*** Data provided

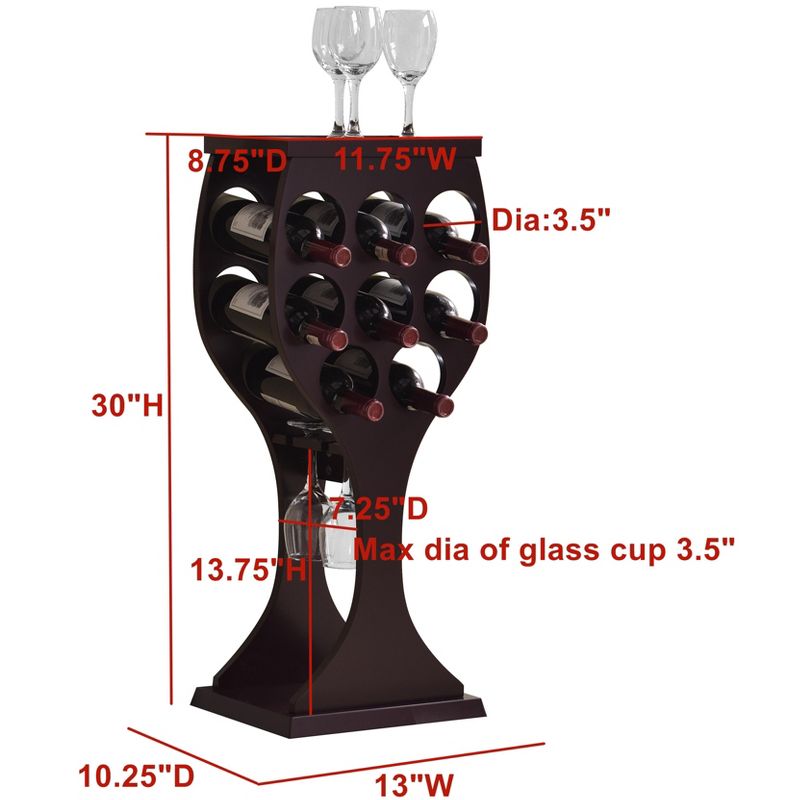 Kings Brand Furniture - Goblet Shaped Freestanding Wine Rack Dark Cherry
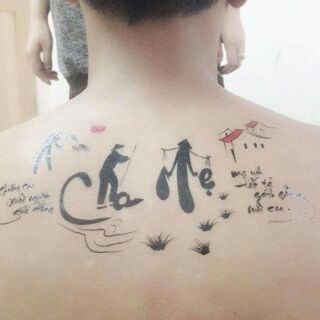 HÌNH XĂM DÁN TATTOO  chữ thư pháp
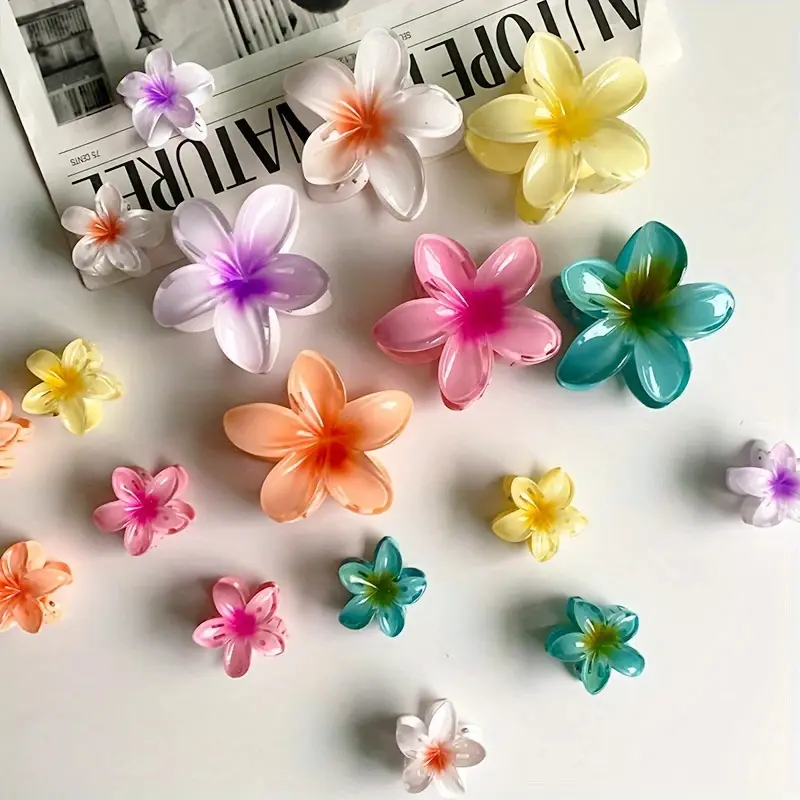 18Pcs Egg Flower Hair Clips Gradient Candy Color Flowers Suitable for Daily Use Backcombed Ponytail Shark Clip Hair Accessories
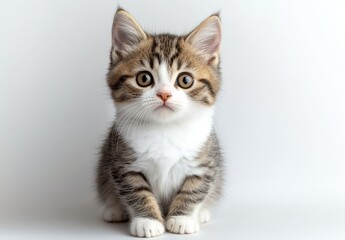 Adorable and Playful Tabby Kitten with Big Eyes Sitting Against a Light Background in a Studio Setting, Perfect for Pet Lovers and Cat Enthusiasts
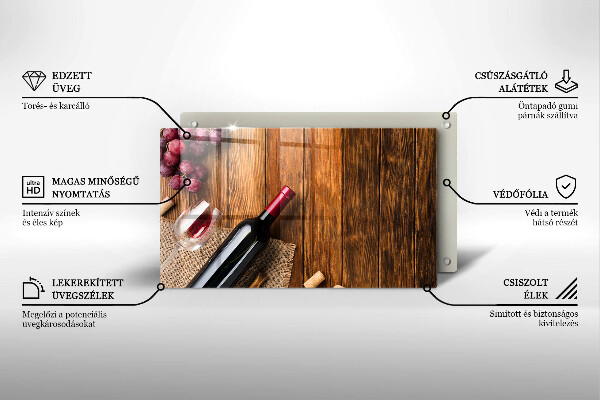 Tábua de corte Uma garrafa de vinho tinto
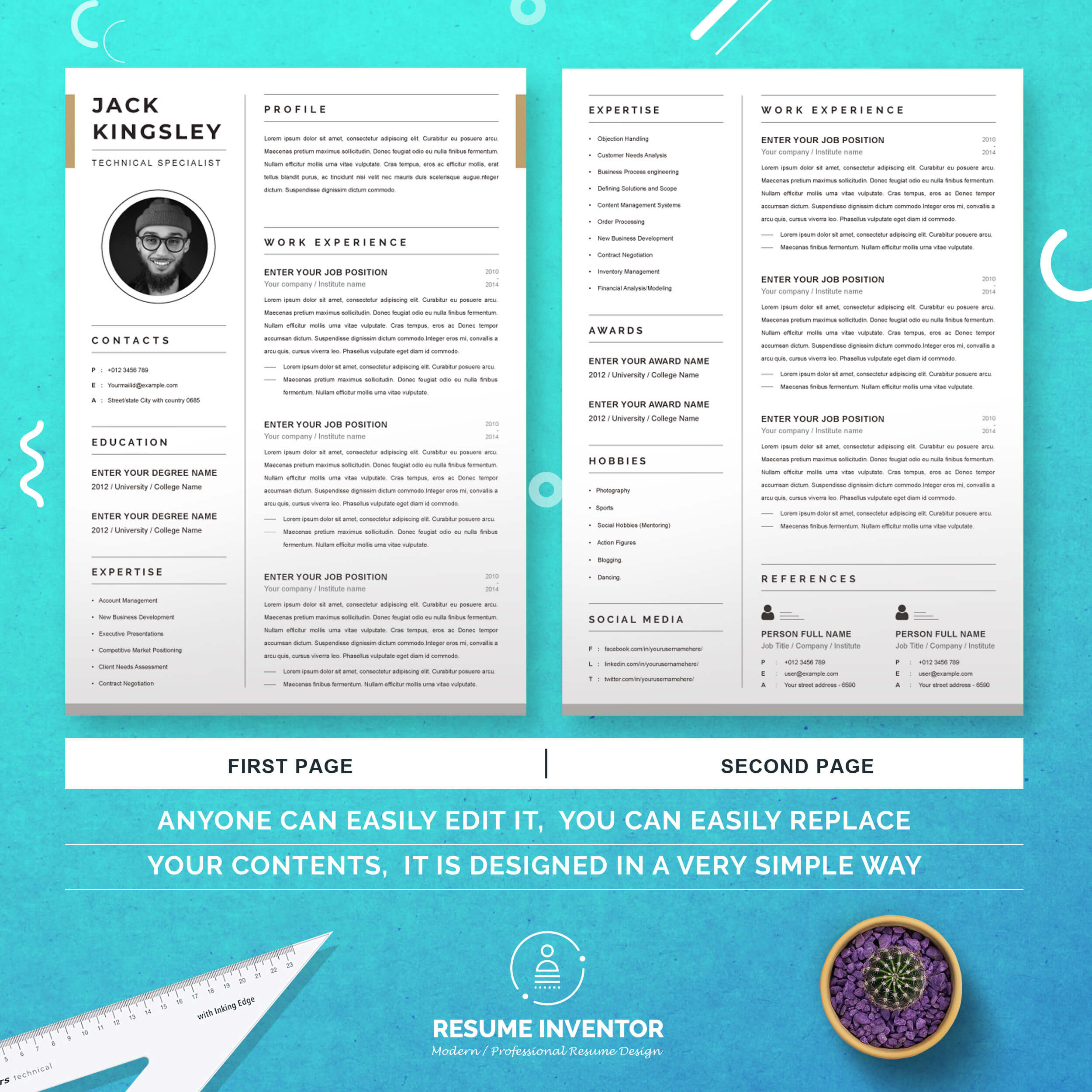 Technical Specialist CV Template | CV Template preview image.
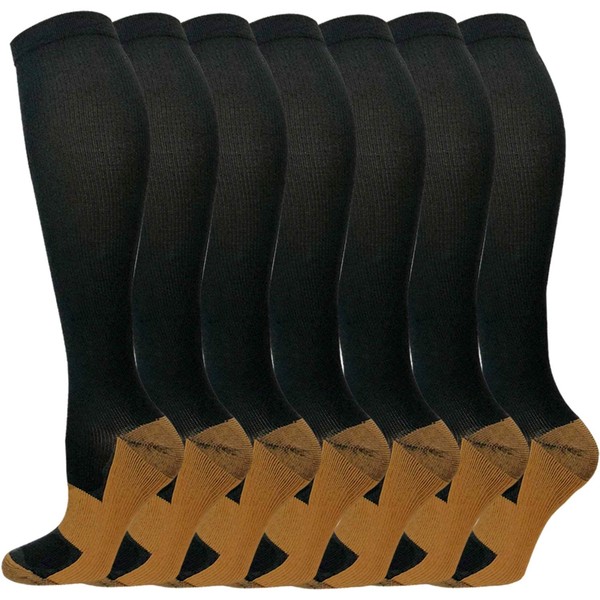 7 Pairs Medical Copper Compression Socks for Men & Women-Graduated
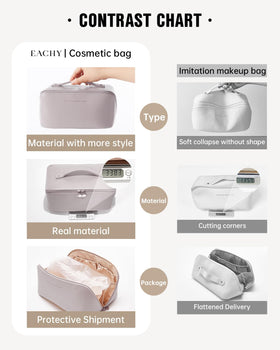 EACHY Travel Makeup Bag purple flat open view with cosmetics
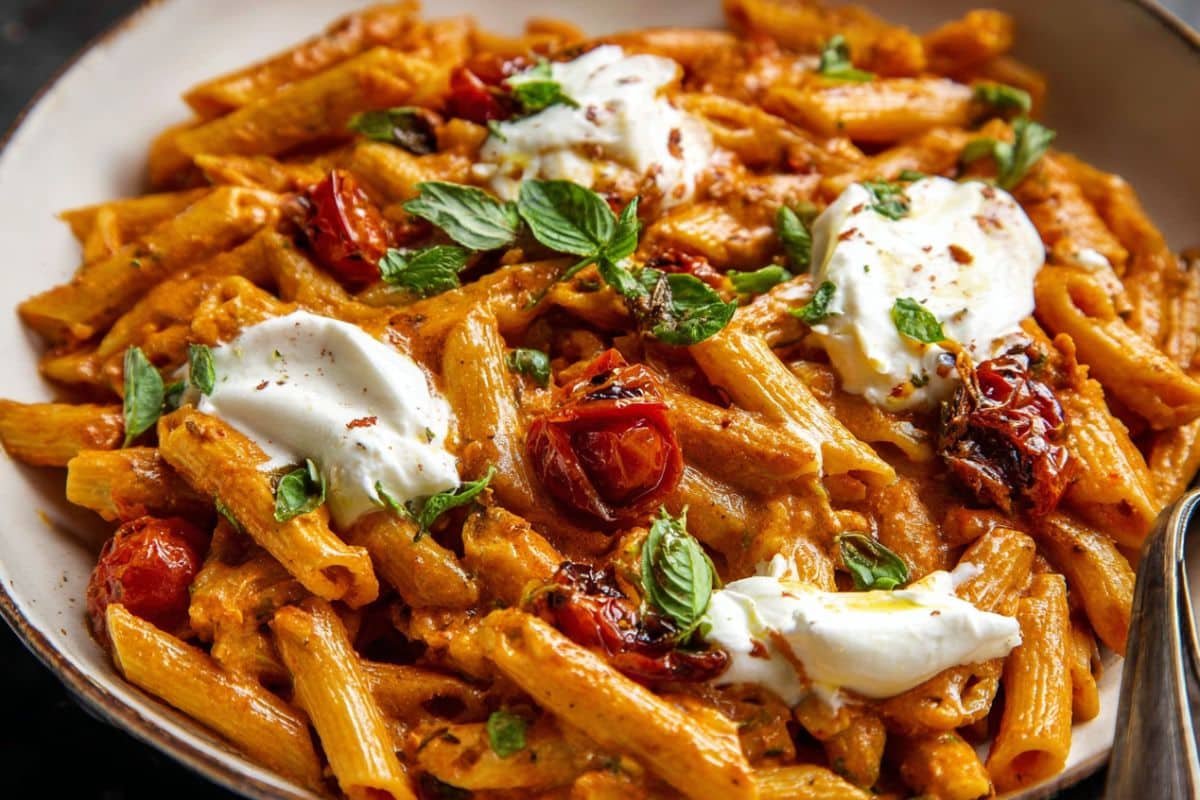 Creamy Sun-Dried Tomato Pasta with Melted Burrata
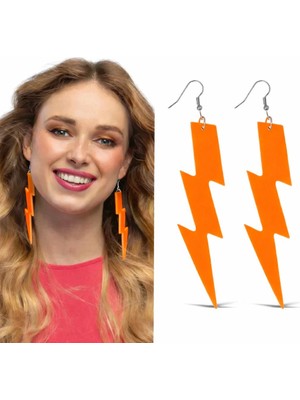 SHC4200 Neon Turuncu Şimşek Küpe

******

**What to produce**
Your reply should be the lines of the records from the start through the line with "18Pcs Egg Flower", copied word for word, pictures omitted.

**Response**
 Kings Brand Furniture - Goblet Shaped Freestanding Wine Rack Dark Cherry
 HÌNH XĂM DÁN TATTOO  chữ thư pháp
 18Pcs Egg Flower Hair Clips Gradient Candy Color Flowers Suitable for Daily Use Backcombed Ponytail Shark Clip Hair Accessories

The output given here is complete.